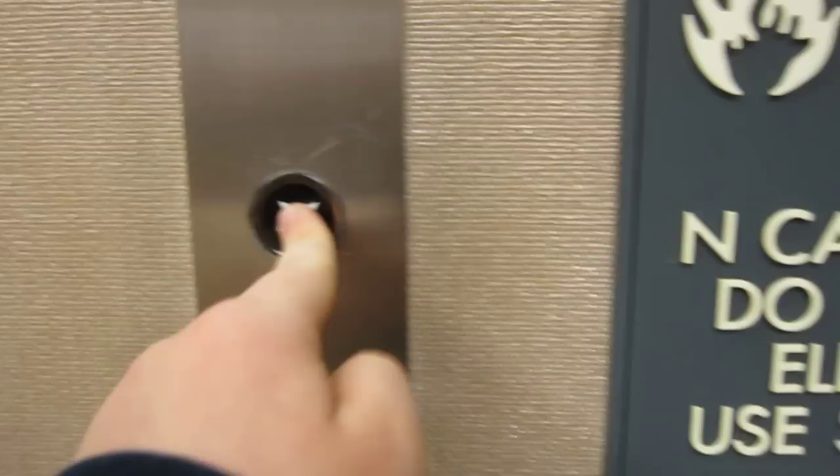This is the elevator at the Neiman Marcus store, Mazza Gallerie Shopping Center, Northwest Washington, D.C. It's an Otis Lex.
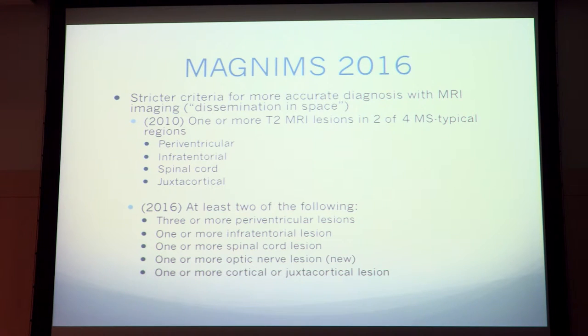Just recently, the MAGNIMS group — which stands for Magnetic Resonance Imaging in MS — came out with stricter criteria for dissemination in space, because as MRI imaging improves you can hone in on diagnosis better. In addition to the 2010 McDonald criteria, the 2016 update requires two of the following: three or more periventricular lesions, infratentorial lesions, spinal cord lesions, and they added an optic nerve lesion as part of the criteria as well.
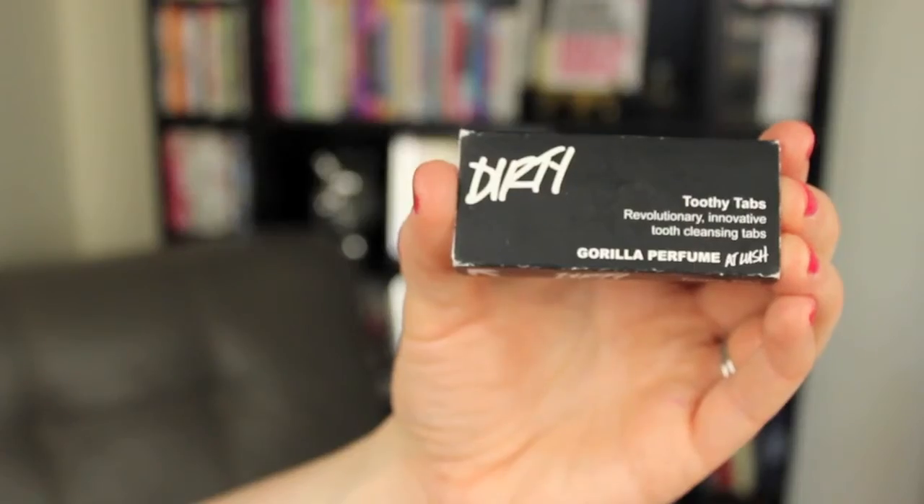In addition to all the travel successes, I've also had a couple of travel fails — things I tried thinking they'd be great and then realized were just not for me. The first example is Lush's Toothy Tabs. It's a great idea in theory: solid toothpaste in little tiny capsules you break up in your mouth and brush with. But to me they taste a little too much like soap and they just gross me out. I'm sure other people really like them, but for me they were a big fat fail.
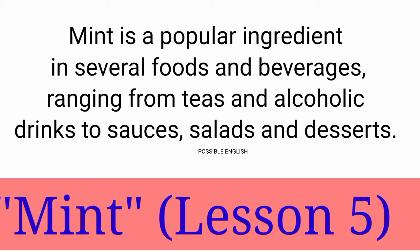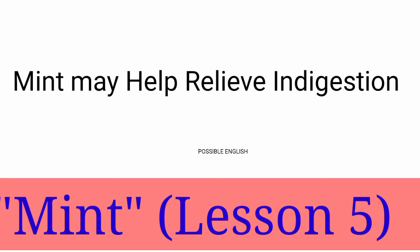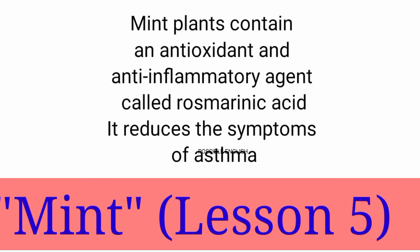Mint could improve brain function. Mint may help relieve indigestion. Subjectively, it improves the breathing if you suffer from a cold.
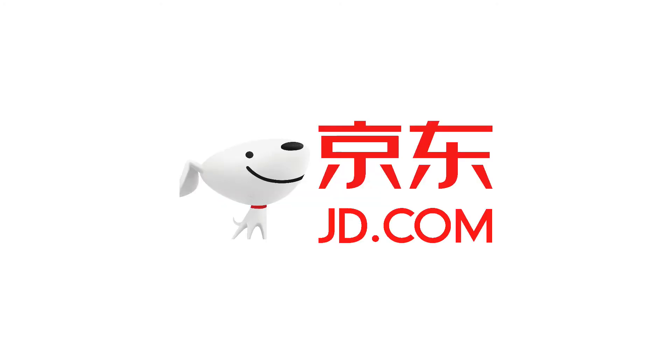Today on Growth Shares, let's analyze and see whether JD.com is a great long-term investment.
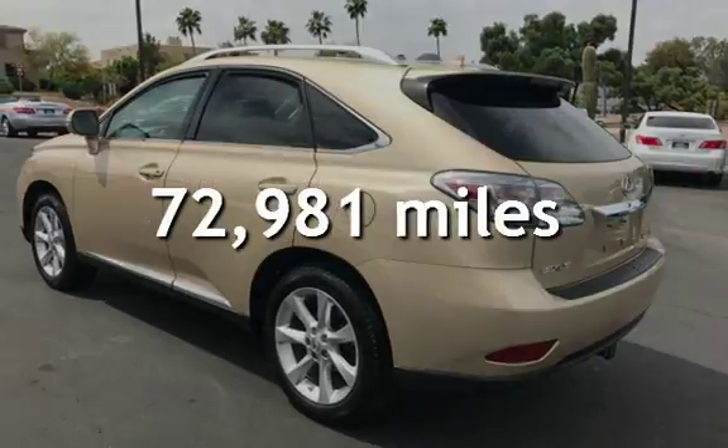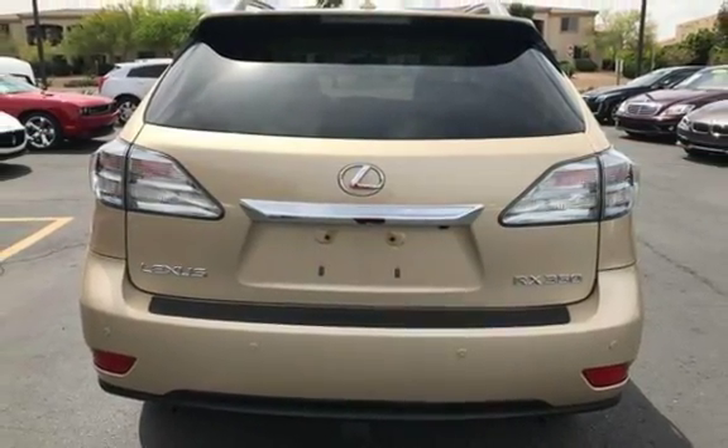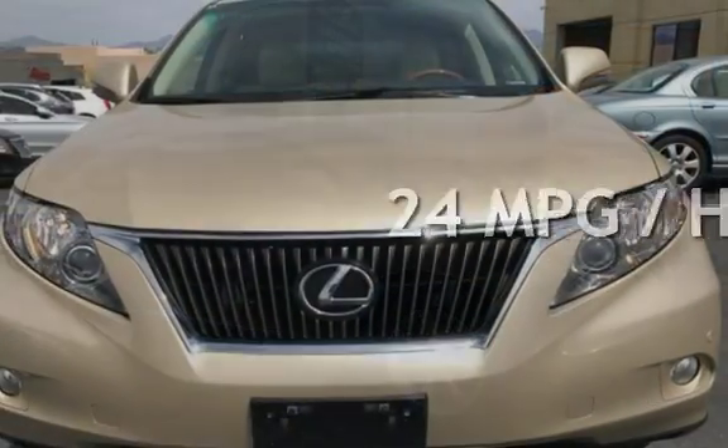This Lexus has less than 73,000 miles on the odometer. Estimated fuel economy for this vehicle is 18 miles per gallon in the city and 24 miles per gallon on the highway.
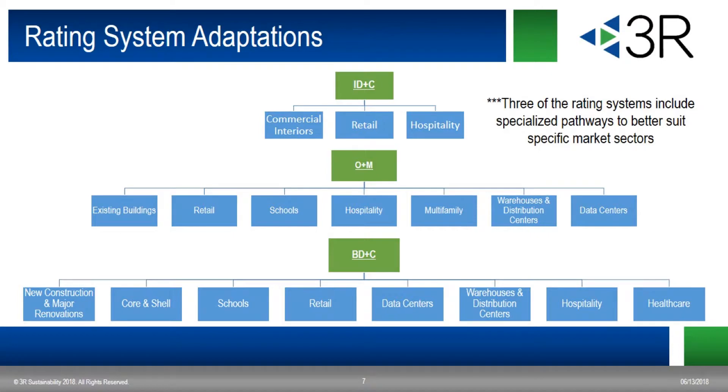Once you've chosen the rating system, there are specific pathways within the ID&C, O&M, and BD&C rating systems that are suited for specific building types like retail, hospitality, or healthcare. While some adaptations are required for your building type, others can provide you an advantage to a project, because the LEED requirements are tailored to your building's specific use and occupancy.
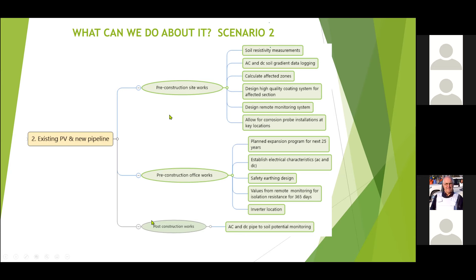The third situation is if you've already got a pipeline and you've already got a PV system — what are you going to do? Some of the steps are the same: the survey works are the same. Then you have the option with remedial works to repair coating defects, install extra CP or adjust the CP, and install remote monitoring and corrosion probes. In that way you'll be able to see what's going on in perpetuity.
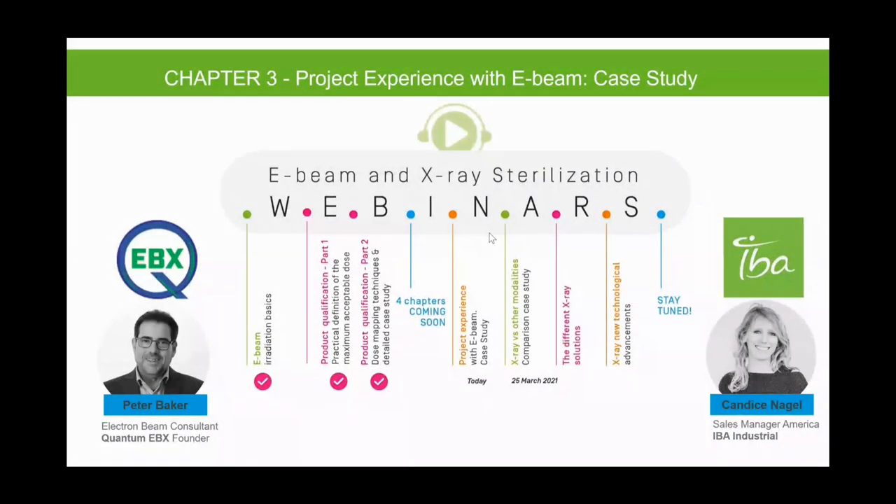Hello everyone, welcome. Good morning or good afternoon, depending on your location. I know we've got a lot of global participants with us today. This is Brooke Akins, and on behalf of Q1 Productions and IBA Industrial, I'd like to welcome you to today's webinar and thank you for joining us.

****************************************

**YOUR ASSIGNMENT**
Copy the entries above exactly from the line with "Once you've chosen" down to their last line, both ends included. Do not copy any pictures.

**SOLUTION TO THIS EXERCISE**
Once you've chosen the rating system, there are specific pathways within the ID&C, O&M, and BD&C rating systems that are suited for specific building types like retail, hospitality, or healthcare. While some adaptations are required for your building type, others can provide you an advantage to a project, because the LEED requirements are tailored to your building's specific use and occupancy.
The third situation is if you've already got a pipeline and you've already got a PV system — what are you going to do? Some of the steps are the same: the survey works are the same. Then you have the option with remedial works to repair coating defects, install extra CP or adjust the CP, and install remote monitoring and corrosion probes. In that way you'll be able to see what's going on in perpetuity.
Hello everyone, welcome. Good morning or good afternoon, depending on your location. I know we've got a lot of global participants with us today. This is Brooke Akins, and on behalf of Q1 Productions and IBA Industrial, I'd like to welcome you to today's webinar and thank you for joining us.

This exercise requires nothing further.